TASK OBJECTIVE: A verbatim copy of the records is required, with all pictures left out.
BEGIN EXTRACTED ENTRIES
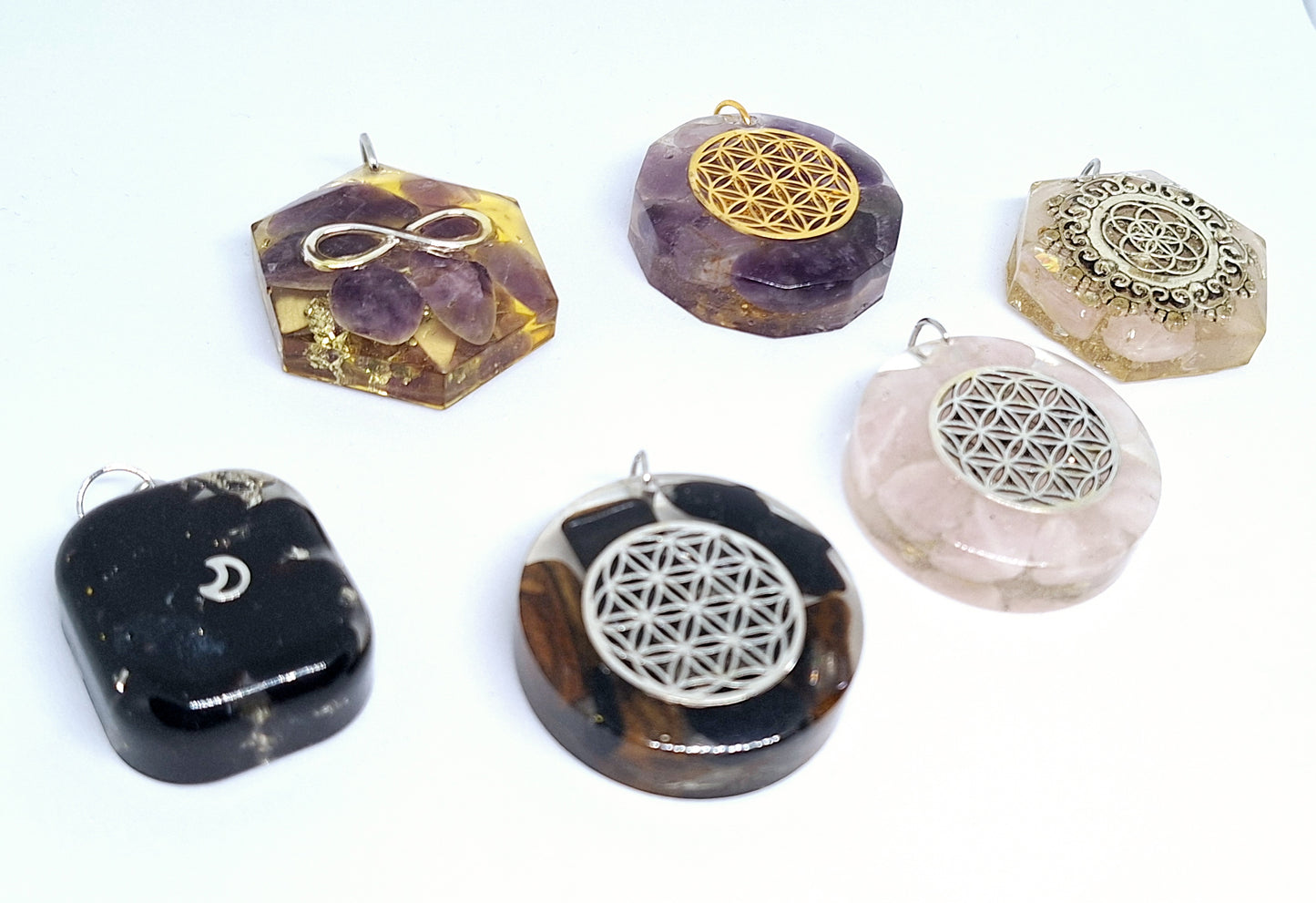 Colliers orgonite formes variées M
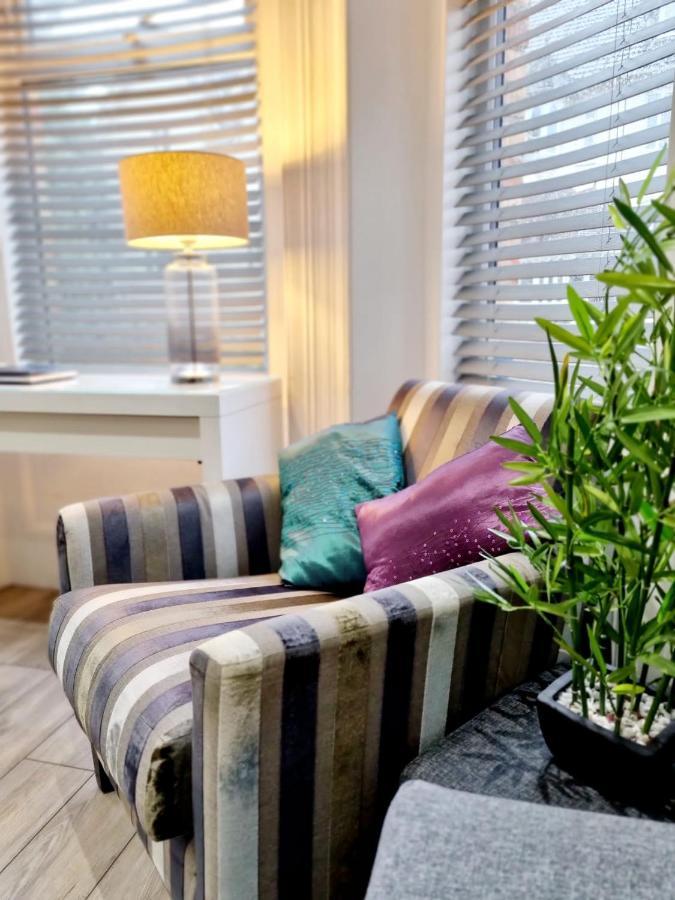 Stylish Apartment In Victorian Conversion Free Parking & Private Patio Close To Beach Town Centre & Bic Борнмут Экстерьер фото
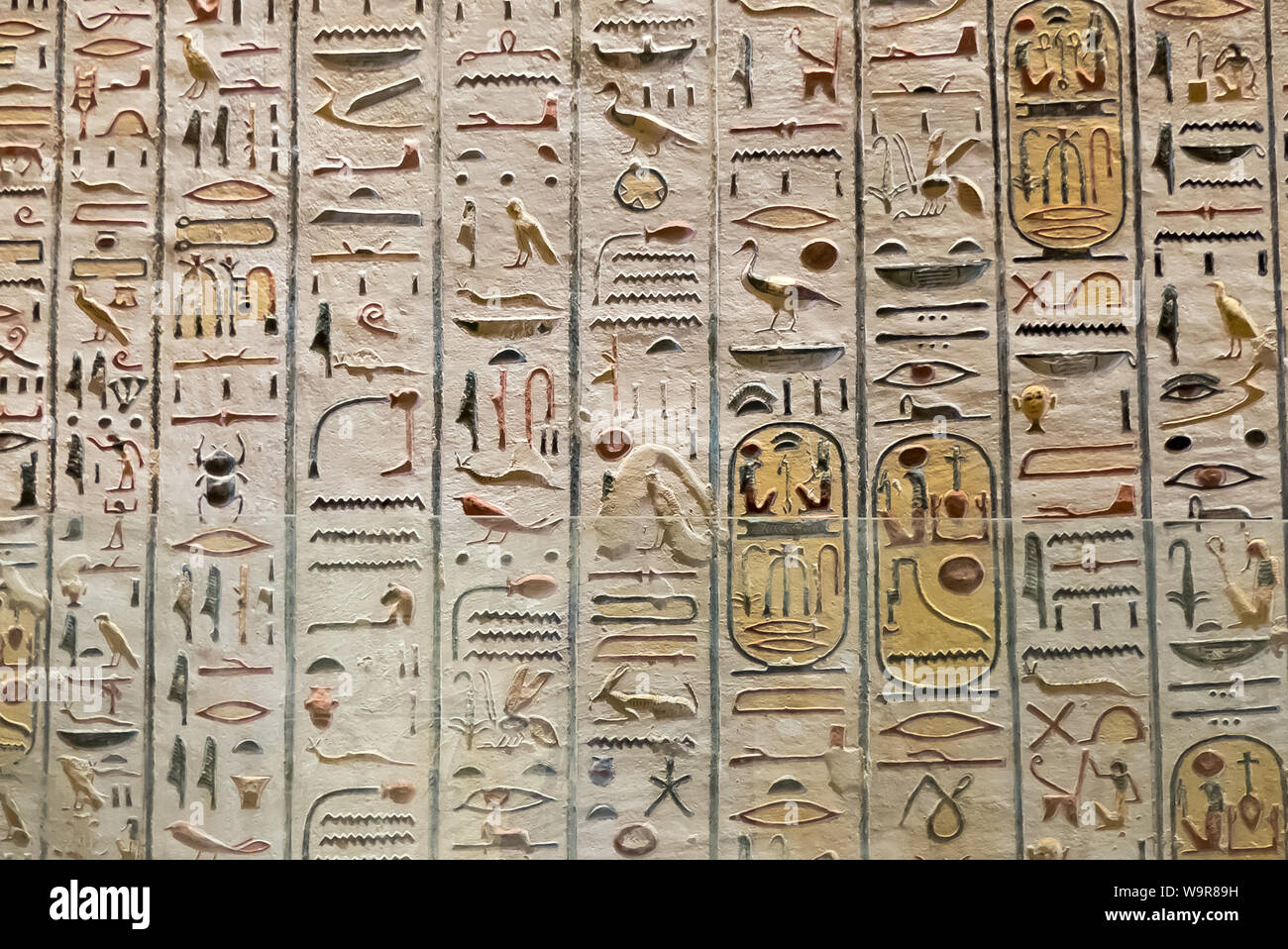 Das Tal der Könige in der Nähe von Luxor in Ägypten: Im Grab von Ramses IX. Stockfoto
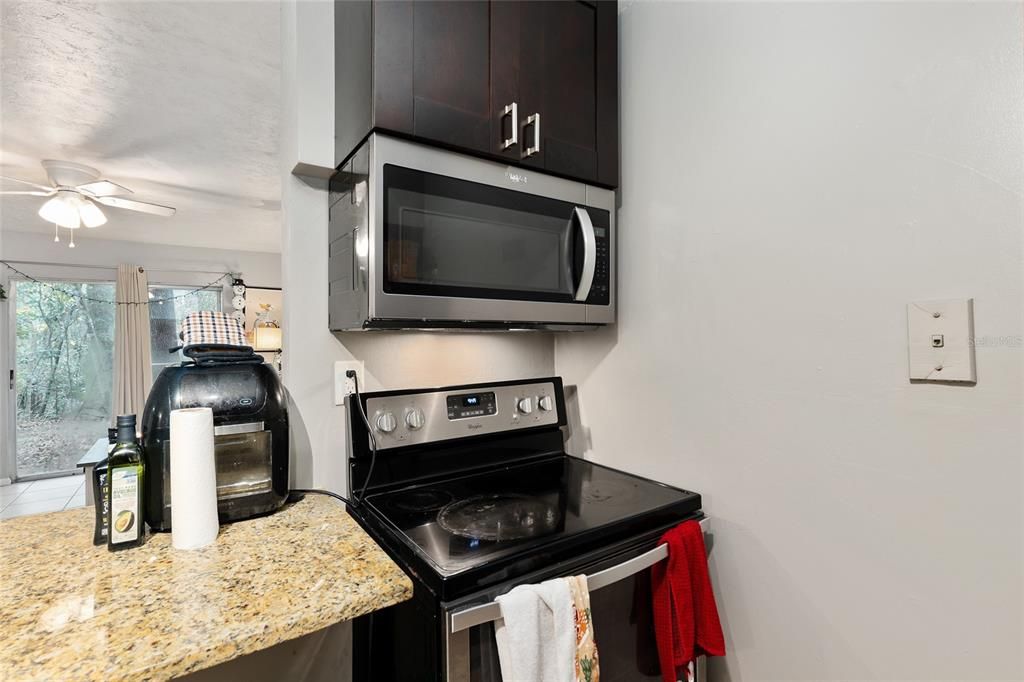 For Sale: $129,900 (1 beds, 1 baths, 576 Square Feet)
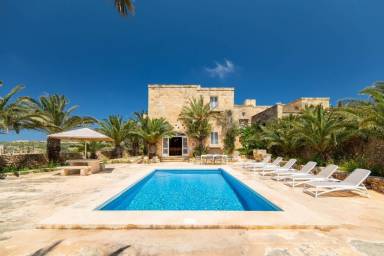 Villa Ix-Xagħra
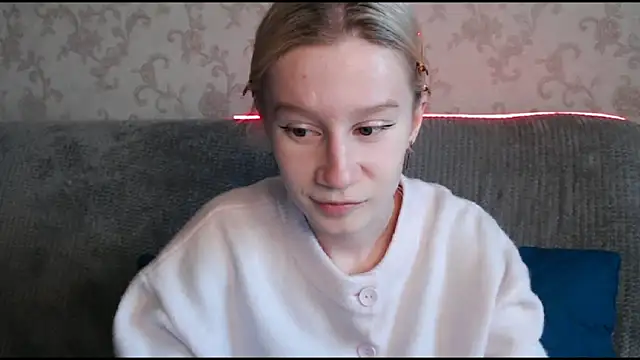 Snapshot of EnigmaSee chatting on September 2025 02:00:02 AM EnigmaSee online show from September 2025 02:00:02 AM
END EXTRACTED ENTRIES
REPLY TO THE TASK:
 Colliers orgonite formes variées M
 Stylish Apartment In Victorian Conversion Free Parking & Private Patio Close To Beach Town Centre & Bic Борнмут Экстерьер фото
 Das Tal der Könige in der Nähe von Luxor in Ägypten: Im Grab von Ramses IX. Stockfoto
 For Sale: $129,900 (1 beds, 1 baths, 576 Square Feet)
 Villa Ix-Xagħra
 Snapshot of EnigmaSee chatting on September 2025 02:00:02 AM EnigmaSee online show from September 2025 02:00:02 AM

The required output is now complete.